There are hundred’s of products available for filling and repairing woodwork and choosing the right one for the job can be confusing. I’m not going to pretend that I know exactly what you should be using but I am going to recommend a few products that I have used myself over the years.
There are links to online retailers although you should be able to find most of these at your local DIY store, or something very similar anyway?
Just cut a small piece off and work with your hands until it starts to soften. Then push into the hole using a scraper or piece of stiff plastic.
It can take a bit of practice to get a satisfactory result but it’s a lot better than using traditional fillers and you can even mix different colours together to get a perfect match.
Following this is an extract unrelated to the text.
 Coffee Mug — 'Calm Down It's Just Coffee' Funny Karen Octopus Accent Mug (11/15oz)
One stick will last you a lifetime btw. Available in a range of shades, as well as white.
You can get coloured sealers for sealing the tops of skirting boards and around architraves but this product has a better range of colours to match natural wood shades.
When it’s dry you can also sand it down, so it’s also suitable for filling small nail holes and such.
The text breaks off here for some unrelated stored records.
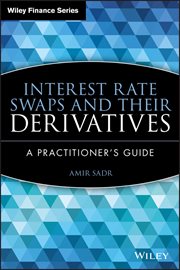 Interest Rate Swaps and Their Derivatives : A Practitioner's Guide cover image cdn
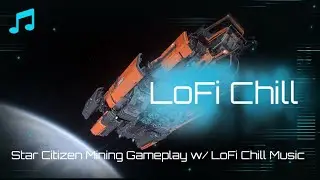 Star Citizen & LoFi Chill Music - Mining Edition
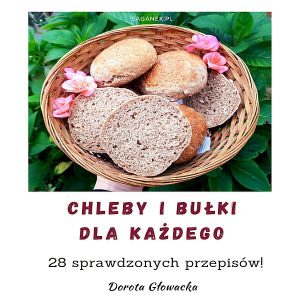 chleb przepisy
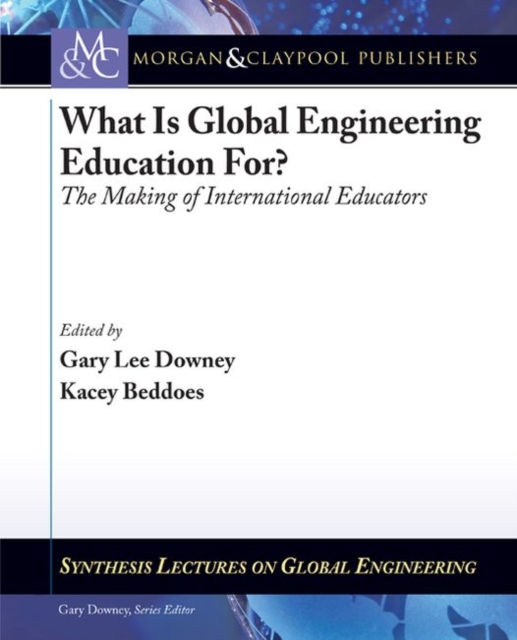 What Is Global Engineering Education For? : The Making of International Educators, Part I & II, Paperback / softback Book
This Ronseal stuff is always decent value and comes in decent sized packs – so you’ll always have enough.
If you’re not used to using this kind of filler start with a small trial first so you get used to mixing the right amounts and only mix what you can use in about 5 minutes.
Also, never try and fill first-time – build-up in 2 or 3 layers so you only have a small amount of sanding to finish it off.
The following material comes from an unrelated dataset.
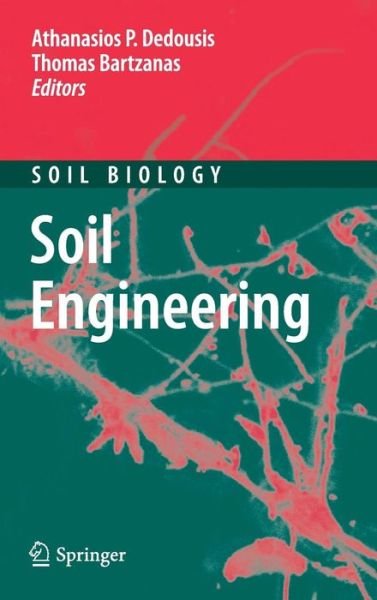 Cover for Athanasios P Dedousis · Soil Engineering - Soil Biology (Hardcover bog) [2010 edition] (2010)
If you take your time you’ll always get a good result and the filler will last for years. Available in light or dark wood shades as well as pure white.
This stuff will bind together loose fibres of wood to give your repair the best chance of success and is essential if you’ve had to remove pieces of damp timber.
It’s expensive but if your only other option is the replacement of windows, for example, it is well worth it.
All of these fillers, except for the wax sticks, are suitable for painting or staining without the need for a primer.
For most wood filling jobs, one of these products should be all you need. You’ll see a variety of different brands which all do more or less the same thing and there isn’t really much between them.
The only products I would avoid for filling wood are powder based products such as Polyfilla, which are fine for walls and ceilings, but definitely not for wood.
Dow – Do commercial 2-part wood-fillers work any better than DIY ones? I had extensive rot in a window-cill, which I filled with 2-part wood-filler some 40 years ago. It looked immaculate when I’d finished – but within a year, the filler had separated from the remaining timber, and I had to dig it out. I re-did it with Dulux Weathershield Flexible filler, and whilst that wasn’t nearly as easy to work with, it is still completely intact 40 years later. A year ago, I found a long strip of rot running parallel to the edge of another cill. I dug it out, and this time tried Ronseal High Performance 2- part filler. I added some small stainless-steel screws to provide additional keys for the filler. Gallingly, within 6 months, cracks started to appear between the filler and the timber, and it’s now apparent that I’ll need to re-do the repair. I suspect the problem is that epoxy- or polyester-type fillers just can’t match the flexibility of the timber. I treated the remaining timber with wood preservative before filling, and although I left it for some time to soak in, it may also be that that impairs adhesion between the timber and the filler. READ MORE…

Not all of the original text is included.